Some PACVS patients had a prior COVID-19 infection, but the difference in biomarkers between infected and uninfected patients was insignificant, according to the researchers.
The relevant biomarkers in post-vaccination syndrome and long COVID, such as IL-6, IL-8, and AT1R antibodies, also show significant overlap.
Further research may be required to determine whether the proposed biomarkers are sufficient to distinguish PACVS from long COVID and symptomatically similar conditions such as chronic fatigue syndrome, according to the authors.
The Use of Biomarkers in Diagnosis and Treatment
According to the authors, while current diagnostic biomarkers may be insufficient, the use of blood markers may serve as “a stringent rule-out criterion” for future PACVS diagnostics.
Clinicians, on the other hand, are divided about the use of biomarkers in the diagnosis and treatment of post-vaccine syndromes.
According to integrative physician Dr. Yusuf Saleeby, using biomarkers as a diagnosis may confuse clinicians.

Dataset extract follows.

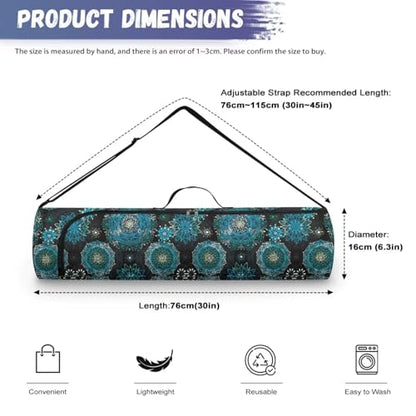 Yoga Mat Bag Portable Yoga Mat Holder with Adjustable Strap Lighweight Gym Tote Bag with Handle - color: Boho Mandala Blue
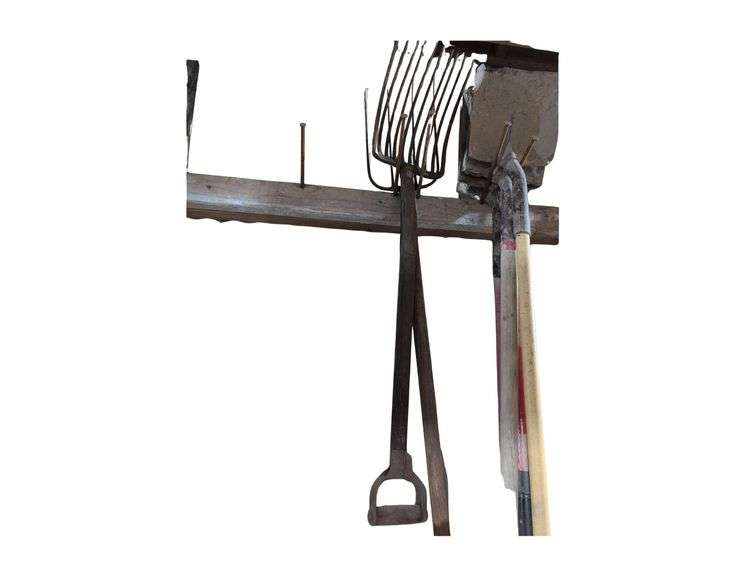 1- Long Handled Pitchfork 1- Short Handled Pitchfork, 4 Long Handled Flat Shovels. image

“I have seen biomarkers go either way, with a very sick patient post-vax having normal biomarkers, including IL-6, and some rather well-looking patients with abnormally high IL-6,” he went on to say. He has not, however, measured AT1R or alpha-2b-aR antibodies, he added.
“I don’t think it’s that simple,” Mr. Marsland said, adding that immune dysregulation varies from person to person and that biomarkers may differ.
Many of Mr. Marsland’s patients have normal IL-6 levels, and he believes that if he had used biomarker levels as a guide, common post-vaccine treatments such as low-dose naltrexone, which reduces IL-6, would not have been prescribed.
Dr. Bruce Patterson, the founder of IncellDx, a company that sells diagnostic cytokine panels for long COVID and post-vaccine syndromes from other chronic diseases, argued that biomarker patterns can be very helpful in arriving at a suitable diagnosis and treatment for patients.
“We started with [testing] 158 different cytokines, and using machine learning and AI, we reduced it to 14,” he explained to The Epoch Times, adding that the algorithm identifies a pattern rather than a single marker. His team, like the Germans, identified IL-6 and IL-8, but they also discovered CCL5 and sCD40L.